_Assignment_
Read through the listing, and wherever a line holds the word "hands", return it.

_Data to use_
------------

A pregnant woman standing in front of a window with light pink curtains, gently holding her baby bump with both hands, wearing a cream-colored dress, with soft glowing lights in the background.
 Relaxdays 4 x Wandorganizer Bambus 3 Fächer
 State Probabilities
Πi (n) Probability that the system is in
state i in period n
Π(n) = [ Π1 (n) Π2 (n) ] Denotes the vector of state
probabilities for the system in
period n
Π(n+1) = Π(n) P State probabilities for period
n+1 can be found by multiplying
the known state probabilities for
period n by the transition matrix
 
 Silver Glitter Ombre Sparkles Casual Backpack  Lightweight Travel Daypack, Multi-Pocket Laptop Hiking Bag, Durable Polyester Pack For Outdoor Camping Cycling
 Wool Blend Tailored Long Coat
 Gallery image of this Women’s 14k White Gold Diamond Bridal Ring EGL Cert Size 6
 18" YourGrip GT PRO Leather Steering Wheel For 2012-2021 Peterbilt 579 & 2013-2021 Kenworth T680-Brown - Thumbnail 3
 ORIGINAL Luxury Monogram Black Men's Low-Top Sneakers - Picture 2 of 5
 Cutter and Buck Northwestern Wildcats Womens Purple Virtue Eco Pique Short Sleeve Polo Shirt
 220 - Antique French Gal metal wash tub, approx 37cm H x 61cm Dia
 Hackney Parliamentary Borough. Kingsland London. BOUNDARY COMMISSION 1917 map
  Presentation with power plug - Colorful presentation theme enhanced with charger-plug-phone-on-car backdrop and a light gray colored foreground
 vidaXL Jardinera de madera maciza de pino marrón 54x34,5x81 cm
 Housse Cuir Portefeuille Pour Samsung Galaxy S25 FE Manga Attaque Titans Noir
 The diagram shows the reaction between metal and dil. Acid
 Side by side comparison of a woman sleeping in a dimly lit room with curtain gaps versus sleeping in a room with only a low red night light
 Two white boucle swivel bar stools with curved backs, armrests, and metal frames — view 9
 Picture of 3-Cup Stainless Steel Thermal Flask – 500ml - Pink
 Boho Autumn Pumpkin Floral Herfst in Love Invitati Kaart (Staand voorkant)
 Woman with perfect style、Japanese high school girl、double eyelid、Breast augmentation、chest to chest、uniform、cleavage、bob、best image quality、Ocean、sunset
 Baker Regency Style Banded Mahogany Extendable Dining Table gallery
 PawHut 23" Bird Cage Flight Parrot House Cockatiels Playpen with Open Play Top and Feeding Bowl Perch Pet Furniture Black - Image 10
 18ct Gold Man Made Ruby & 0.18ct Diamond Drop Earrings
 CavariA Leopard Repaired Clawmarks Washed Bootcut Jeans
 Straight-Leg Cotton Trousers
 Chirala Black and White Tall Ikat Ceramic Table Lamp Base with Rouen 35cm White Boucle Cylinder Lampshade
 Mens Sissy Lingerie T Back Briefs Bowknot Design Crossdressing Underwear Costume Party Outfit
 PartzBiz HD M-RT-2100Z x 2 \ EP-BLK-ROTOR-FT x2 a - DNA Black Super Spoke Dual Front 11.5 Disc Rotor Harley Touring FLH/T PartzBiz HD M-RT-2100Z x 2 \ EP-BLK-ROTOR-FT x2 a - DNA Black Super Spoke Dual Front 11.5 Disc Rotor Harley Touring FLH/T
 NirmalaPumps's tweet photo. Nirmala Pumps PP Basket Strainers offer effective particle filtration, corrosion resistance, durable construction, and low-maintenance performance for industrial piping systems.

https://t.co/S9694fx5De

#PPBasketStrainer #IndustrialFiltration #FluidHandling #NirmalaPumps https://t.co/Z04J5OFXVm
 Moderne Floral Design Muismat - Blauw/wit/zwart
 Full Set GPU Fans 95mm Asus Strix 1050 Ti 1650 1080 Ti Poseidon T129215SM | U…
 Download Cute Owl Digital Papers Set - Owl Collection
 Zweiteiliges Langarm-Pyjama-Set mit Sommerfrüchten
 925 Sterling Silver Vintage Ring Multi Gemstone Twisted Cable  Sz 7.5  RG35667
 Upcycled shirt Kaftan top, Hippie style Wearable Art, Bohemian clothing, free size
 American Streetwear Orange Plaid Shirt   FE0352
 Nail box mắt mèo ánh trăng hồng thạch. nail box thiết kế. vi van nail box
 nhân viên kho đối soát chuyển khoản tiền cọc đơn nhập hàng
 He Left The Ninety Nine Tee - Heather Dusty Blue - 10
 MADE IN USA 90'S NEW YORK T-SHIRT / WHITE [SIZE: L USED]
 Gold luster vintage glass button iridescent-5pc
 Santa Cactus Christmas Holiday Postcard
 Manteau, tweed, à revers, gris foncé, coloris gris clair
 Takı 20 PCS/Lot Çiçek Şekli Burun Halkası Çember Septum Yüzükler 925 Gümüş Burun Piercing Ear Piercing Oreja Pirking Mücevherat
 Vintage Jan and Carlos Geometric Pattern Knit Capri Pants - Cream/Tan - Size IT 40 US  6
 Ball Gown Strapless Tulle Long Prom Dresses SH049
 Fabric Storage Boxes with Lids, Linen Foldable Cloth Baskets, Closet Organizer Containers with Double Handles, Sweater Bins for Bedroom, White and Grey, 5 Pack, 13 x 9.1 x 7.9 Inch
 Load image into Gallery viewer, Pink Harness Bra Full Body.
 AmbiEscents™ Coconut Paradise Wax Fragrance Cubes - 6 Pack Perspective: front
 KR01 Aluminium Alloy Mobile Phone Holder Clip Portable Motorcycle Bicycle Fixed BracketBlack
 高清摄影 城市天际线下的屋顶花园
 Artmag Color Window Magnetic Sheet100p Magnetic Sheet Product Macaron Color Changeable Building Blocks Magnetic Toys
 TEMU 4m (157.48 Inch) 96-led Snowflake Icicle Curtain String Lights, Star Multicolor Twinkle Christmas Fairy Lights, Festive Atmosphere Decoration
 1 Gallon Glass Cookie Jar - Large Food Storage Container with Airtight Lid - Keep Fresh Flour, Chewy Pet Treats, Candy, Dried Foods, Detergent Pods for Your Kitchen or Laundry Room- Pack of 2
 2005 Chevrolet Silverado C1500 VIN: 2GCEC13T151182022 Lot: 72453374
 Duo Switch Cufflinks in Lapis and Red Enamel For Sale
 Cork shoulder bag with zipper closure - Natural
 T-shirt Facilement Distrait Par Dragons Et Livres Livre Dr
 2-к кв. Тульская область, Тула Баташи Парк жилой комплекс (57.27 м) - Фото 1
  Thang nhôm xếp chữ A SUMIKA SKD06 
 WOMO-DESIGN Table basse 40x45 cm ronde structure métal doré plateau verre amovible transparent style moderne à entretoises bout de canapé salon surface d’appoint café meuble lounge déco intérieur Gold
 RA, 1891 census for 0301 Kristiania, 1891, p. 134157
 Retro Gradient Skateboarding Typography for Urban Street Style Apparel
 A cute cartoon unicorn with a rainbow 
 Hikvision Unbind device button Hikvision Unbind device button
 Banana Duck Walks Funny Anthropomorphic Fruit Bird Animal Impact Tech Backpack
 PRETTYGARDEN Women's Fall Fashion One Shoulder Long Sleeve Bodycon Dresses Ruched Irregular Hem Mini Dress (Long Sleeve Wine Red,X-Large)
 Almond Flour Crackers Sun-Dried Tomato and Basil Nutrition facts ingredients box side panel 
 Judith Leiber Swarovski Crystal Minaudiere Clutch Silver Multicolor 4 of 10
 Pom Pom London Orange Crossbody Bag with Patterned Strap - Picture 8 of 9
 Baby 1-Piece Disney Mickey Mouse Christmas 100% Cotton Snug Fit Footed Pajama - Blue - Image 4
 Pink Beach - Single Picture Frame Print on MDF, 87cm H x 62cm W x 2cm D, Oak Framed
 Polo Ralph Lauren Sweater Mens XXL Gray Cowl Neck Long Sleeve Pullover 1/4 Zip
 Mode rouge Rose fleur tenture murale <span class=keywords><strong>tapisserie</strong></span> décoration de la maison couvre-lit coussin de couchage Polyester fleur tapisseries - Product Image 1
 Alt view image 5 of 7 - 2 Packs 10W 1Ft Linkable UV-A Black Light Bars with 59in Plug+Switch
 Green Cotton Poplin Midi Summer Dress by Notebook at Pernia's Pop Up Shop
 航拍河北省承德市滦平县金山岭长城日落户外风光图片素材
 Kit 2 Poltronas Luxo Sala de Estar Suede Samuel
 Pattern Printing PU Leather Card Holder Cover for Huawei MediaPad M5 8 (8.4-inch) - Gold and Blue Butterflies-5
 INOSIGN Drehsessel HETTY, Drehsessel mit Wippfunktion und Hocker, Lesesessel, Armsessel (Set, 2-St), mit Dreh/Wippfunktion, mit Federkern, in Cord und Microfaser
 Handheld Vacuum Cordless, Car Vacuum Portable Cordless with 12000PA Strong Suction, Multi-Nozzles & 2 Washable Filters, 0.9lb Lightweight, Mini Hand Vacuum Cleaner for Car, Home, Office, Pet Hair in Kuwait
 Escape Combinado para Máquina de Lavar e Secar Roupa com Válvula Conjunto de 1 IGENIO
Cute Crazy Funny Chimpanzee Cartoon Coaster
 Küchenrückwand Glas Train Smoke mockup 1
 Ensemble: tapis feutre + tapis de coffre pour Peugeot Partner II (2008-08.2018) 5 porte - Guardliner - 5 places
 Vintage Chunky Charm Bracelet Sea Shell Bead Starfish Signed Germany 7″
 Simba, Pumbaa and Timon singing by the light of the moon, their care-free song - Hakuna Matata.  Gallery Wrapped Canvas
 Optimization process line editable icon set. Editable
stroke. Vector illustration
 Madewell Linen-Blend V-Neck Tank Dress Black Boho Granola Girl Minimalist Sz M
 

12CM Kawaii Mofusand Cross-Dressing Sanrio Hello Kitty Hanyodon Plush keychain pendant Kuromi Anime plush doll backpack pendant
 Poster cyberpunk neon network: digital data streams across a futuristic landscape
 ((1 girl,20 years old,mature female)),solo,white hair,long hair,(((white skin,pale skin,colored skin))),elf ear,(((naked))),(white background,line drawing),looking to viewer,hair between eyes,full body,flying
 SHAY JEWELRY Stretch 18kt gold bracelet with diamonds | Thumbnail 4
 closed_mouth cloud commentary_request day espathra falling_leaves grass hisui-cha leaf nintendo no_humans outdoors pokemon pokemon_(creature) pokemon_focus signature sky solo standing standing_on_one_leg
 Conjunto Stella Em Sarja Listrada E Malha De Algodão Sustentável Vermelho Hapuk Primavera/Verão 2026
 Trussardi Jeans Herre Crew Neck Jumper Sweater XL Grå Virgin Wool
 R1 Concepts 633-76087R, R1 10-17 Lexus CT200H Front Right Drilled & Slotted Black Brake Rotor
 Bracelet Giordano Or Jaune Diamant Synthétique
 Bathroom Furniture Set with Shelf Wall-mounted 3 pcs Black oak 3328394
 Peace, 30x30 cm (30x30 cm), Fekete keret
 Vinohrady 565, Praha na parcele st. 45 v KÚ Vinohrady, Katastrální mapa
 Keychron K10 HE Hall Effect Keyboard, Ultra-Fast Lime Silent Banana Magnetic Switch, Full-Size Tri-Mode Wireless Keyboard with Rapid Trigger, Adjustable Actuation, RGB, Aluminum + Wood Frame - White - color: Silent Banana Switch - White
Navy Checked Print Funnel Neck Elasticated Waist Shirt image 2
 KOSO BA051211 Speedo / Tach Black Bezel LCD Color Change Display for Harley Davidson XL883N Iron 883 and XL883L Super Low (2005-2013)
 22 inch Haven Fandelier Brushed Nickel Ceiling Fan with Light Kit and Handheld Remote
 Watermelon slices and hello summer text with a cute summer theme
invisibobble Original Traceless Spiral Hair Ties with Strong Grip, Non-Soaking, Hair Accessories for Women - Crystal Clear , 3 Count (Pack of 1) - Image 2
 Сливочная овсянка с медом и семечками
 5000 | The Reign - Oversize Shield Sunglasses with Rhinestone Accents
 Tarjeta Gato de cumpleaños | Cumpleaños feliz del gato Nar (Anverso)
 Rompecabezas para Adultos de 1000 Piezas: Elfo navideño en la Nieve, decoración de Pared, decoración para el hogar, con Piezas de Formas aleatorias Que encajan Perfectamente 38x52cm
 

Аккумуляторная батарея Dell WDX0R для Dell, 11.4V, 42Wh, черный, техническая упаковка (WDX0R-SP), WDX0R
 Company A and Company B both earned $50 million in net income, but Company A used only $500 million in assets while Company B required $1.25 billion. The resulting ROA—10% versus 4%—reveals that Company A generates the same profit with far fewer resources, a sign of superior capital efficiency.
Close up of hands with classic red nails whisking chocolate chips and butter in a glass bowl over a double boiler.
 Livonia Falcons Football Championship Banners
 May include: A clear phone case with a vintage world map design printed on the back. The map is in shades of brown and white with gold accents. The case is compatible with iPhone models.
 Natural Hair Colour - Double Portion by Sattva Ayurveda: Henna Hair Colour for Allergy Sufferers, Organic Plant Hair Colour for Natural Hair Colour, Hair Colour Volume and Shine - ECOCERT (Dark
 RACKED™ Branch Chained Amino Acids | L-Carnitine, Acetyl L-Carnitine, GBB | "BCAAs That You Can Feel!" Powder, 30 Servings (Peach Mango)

------------

_Reply to the exercise_
A pregnant woman standing in front of a window with light pink curtains, gently holding her baby bump with both hands, wearing a cream-colored dress, with soft glowing lights in the background.
Close up of hands with classic red nails whisking chocolate chips and butter in a glass bowl over a double boiler.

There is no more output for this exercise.